Well, why not? I was being accused of everything else. Why not throw all the crimes in a basket and hang me for the lot?
“Did Bohlen do that?” Finerty asked. He studied me with those steely gray eyes of his and chewed on his cigar, waiting for my answer.
“Funny thing, about that. I never have figured it out.” I explained about the leather-shod hoofs, and even about finding those same tracks near Farley’s place.
“One time there I thought it might be that strange woman, but her mule didn’t wear leather shoes—though he did have mighty small feet.”
“What woman was that?”
So I told him about the woman I’d seen, and what Ann had told me about her spilling a pot of beans at Farley’s place when she saw Ann there.
“This woman—what did she look like?”
“A big woman, big frame anyway, and kind of stupid-looking. Dressed in a man’s rough cast-off clothes—clothes for a much bigger person than she was. I’ll admit she worried me some, spooking around like that.”
“Pike, when did you first come into this country?”
“Me? Around ‘74, I guess, but I didn’t stay long. I was back in ‘79, and a couple of times after that. Those times when I came back I worked around over the country.”
“You weren’t here when Clyde Orum was around, were you?”
“Hell, the way I hear it, not even Miles City was here.”
Doc Finerty took a cigar from his pocket and handed it to me. “Clyde had quite a family. I was reared over west of here, Pike, over south of Butte, near Virginia City. I knew the Orums.”
“Yeah?”
“Clyde Orum had a sister, much younger than he was, and she worshiped the ground he walked on. I don’t think she was quite right mentally.”
“What I hear,” I said, “Clyde was kind of an odd one himself.”
“Do you see what I’m getting at, Pike? If that was Lottie Orum out there, she would have had reason to kill Johnny Ward. He was in the posse that rounded up Clyde, and he testified in court against him.”
“What about Shorty Cones?”
Finerty shrugged. “I don’t know about that, although she might have had a reason there too.”
“Doc, can you get word up to the Elwins? I mean, no matter what anybody says, Ann Farley is still alive. That Orum woman now, her seeing Ann there like that, she probably thought Ann was Farley’s woman, and I think the Orum woman was sweet on Farley her ownself.”
“So?”
“So she might try to kill Ann. Thing is, not one of those folks she killed was expecting it.”
After Finerty had gone I lay back on my bunk and stared up at the ceiling. No matter whether he had said anything that helped, I surely did feel better. I felt a lot better. Now if I could only get out of here.
Rubbing out the cigar, I laid it on the window sill for future use. My hand felt better already. Doc had told me it should be soaked twice a day in hot water and Epsom salts. I’d heard him tell the jailer that.
A
BOUT AN HOUR after Doc Finerty left, the jailer came with a cup of coffee, which he passed through the bars.
“Doc thinks you got a bad deal,” he said.
“He’s got company,” I said.
When darkness came again I went to the window and got my cigar. I lit up and smoked a couple of minutes, then I rubbed out the cigar again, went to my bunk, and went to sleep.

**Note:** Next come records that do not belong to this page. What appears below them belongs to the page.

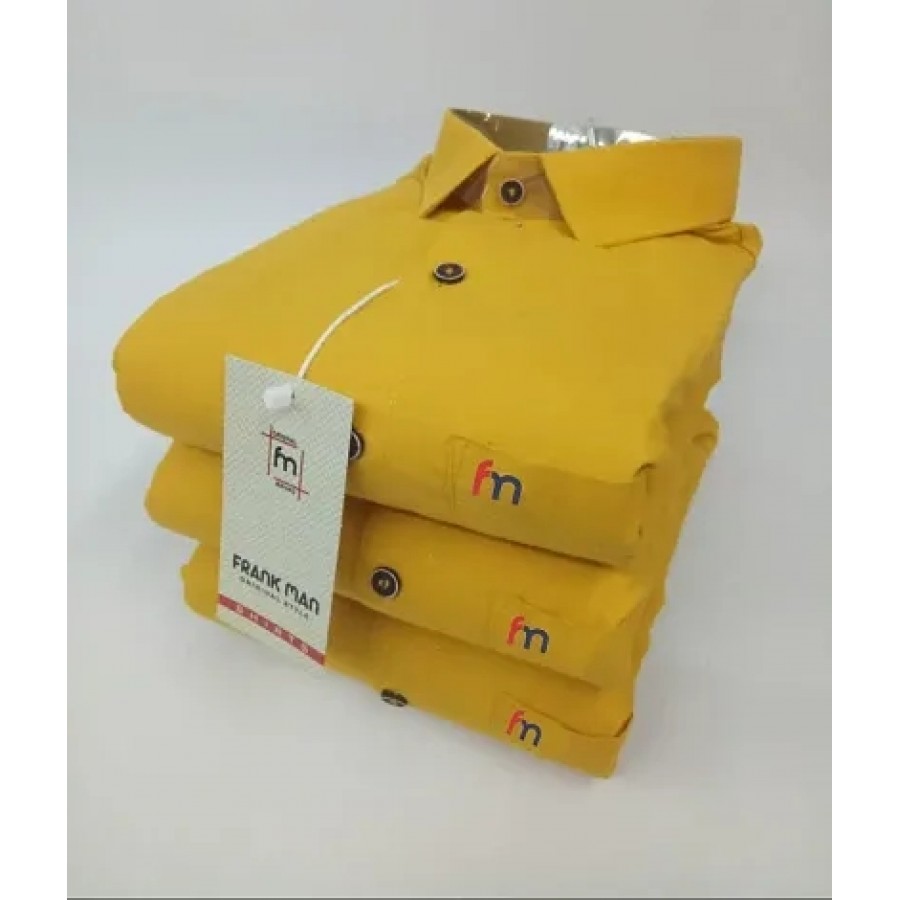 Yellow Cotton Solid Casual Shirts For Men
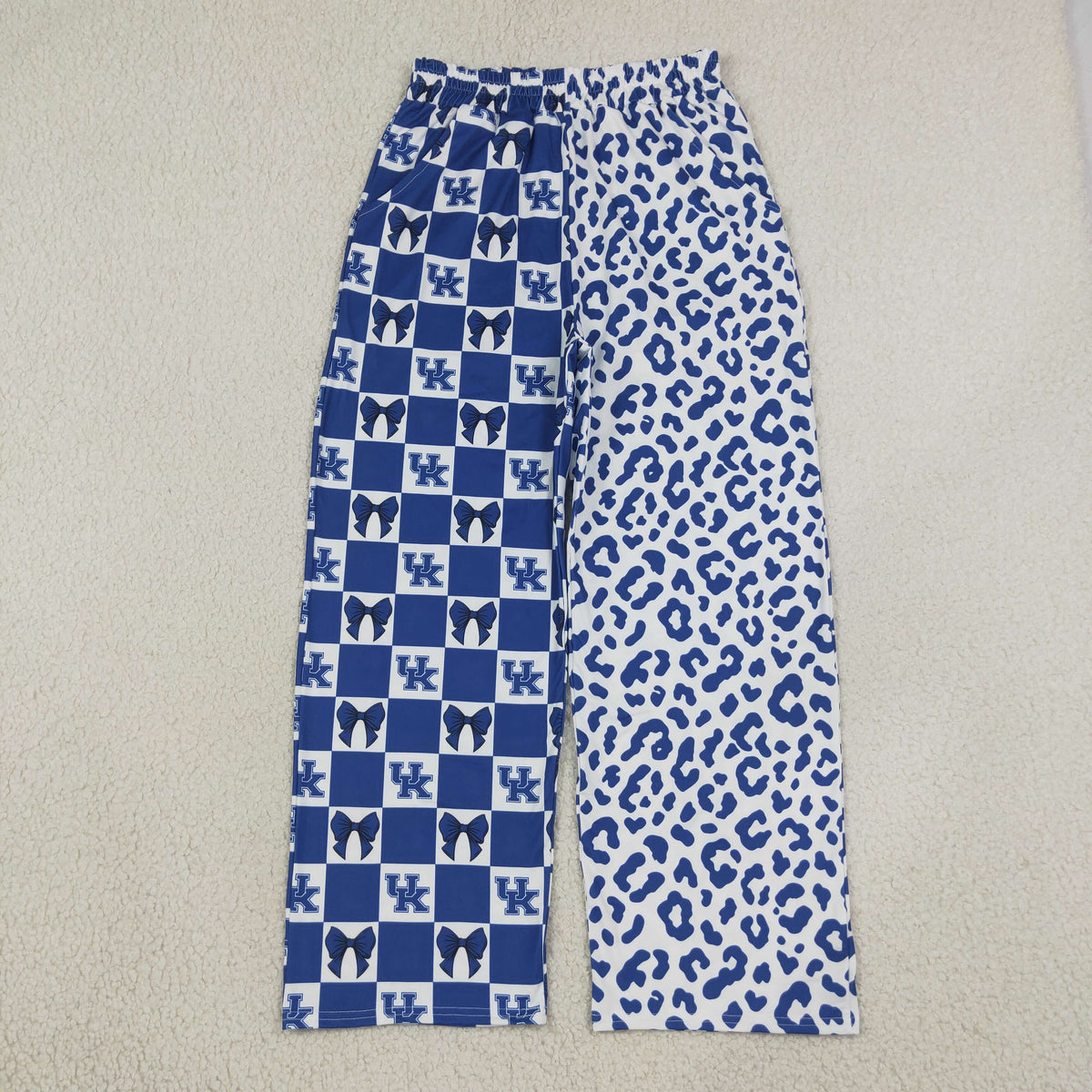 NEW RTS NO MOQ milk silk P1114 Adult Women Bows Leopard Team Pockets Pants
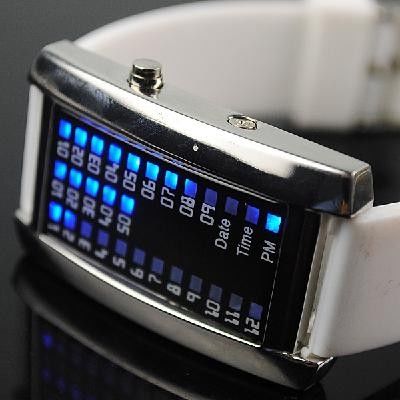 29 flash Blue LED kỹ thuật số thể thao Xem trắng thời trang mới của nam giới phụ nữ
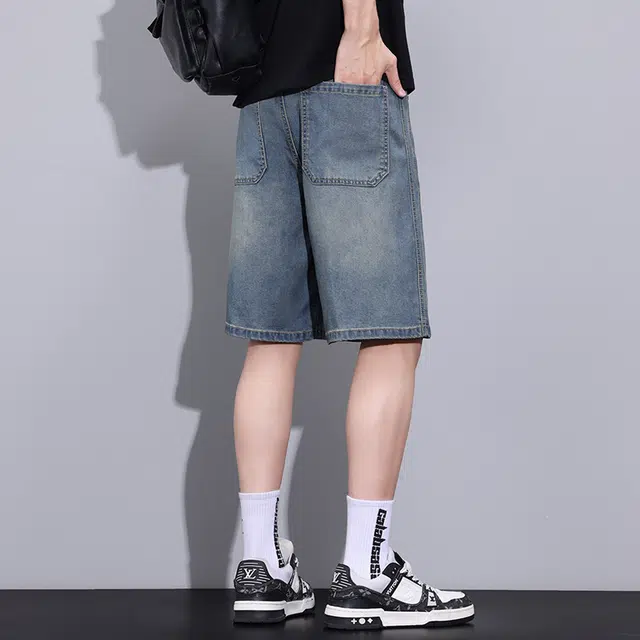 赛瀚 休闲五分薄款透气复古做旧宽松直筒中裤子时尚百搭潮流帅气美式潮牌高街风青少年拉链纽扣牛仔短裤 男女同款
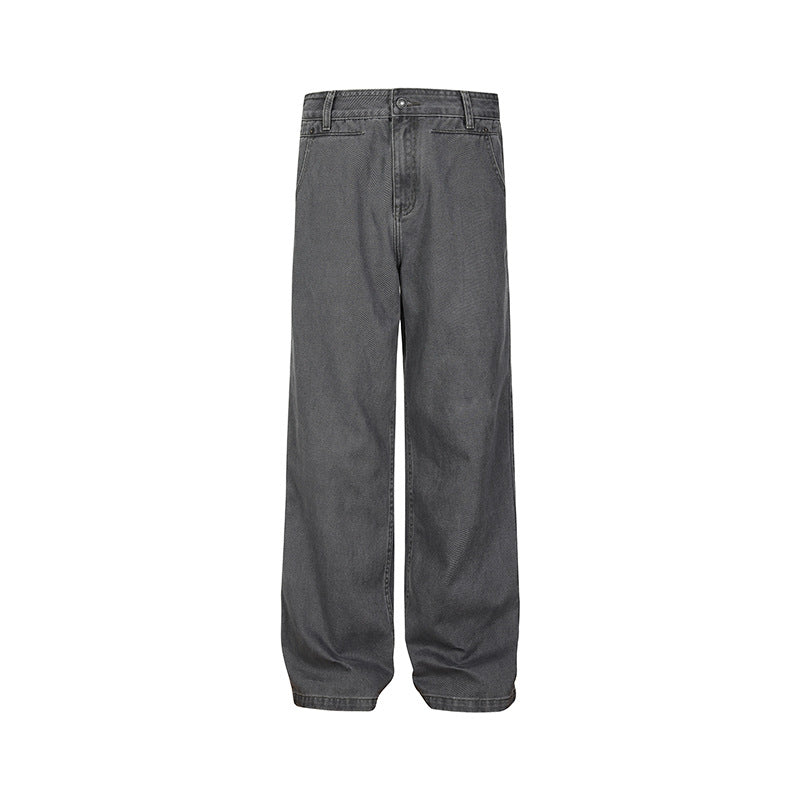 Men's Wide Canvas Pants in Palazzo Cut with High Waist Fit and Straight Leg Chichicherry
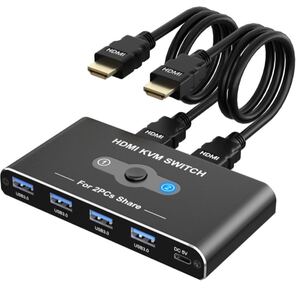 USB 切替器 KVMスイッチ HDMI 2入力1出力 5Gbps USB3.0 デュアルモニター 4K@60Hz 4 USB-A3.0ポート 日本語説明書付き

About midnight I suddenly woke up, startled out of a sound sleep by a lot of banging around. The cell next to mine was opened and a man was shoved in, the door closed, and the jailer went away.
For a while there was silence, but when I turned over the bunk creaked and a voice said, “Who’s in there?”
“It’s me,” I said, “Pike. What did they get you for?”
“Hell, what d’you think? Rustling. I stole all the damn cows in the country, and then that Jim Fargo showed up. Won’t do him no good. I got those cows clean out of the country, and when this trial is over and I go free, I’ve got me a stake.”
I knew the voice, knew the familiar sound of the bragging. It was Van Bokkelen, and I might have guessed he had moved into rustling. It was about the
only big crooked operation around, and just the sort of thing he would seek out.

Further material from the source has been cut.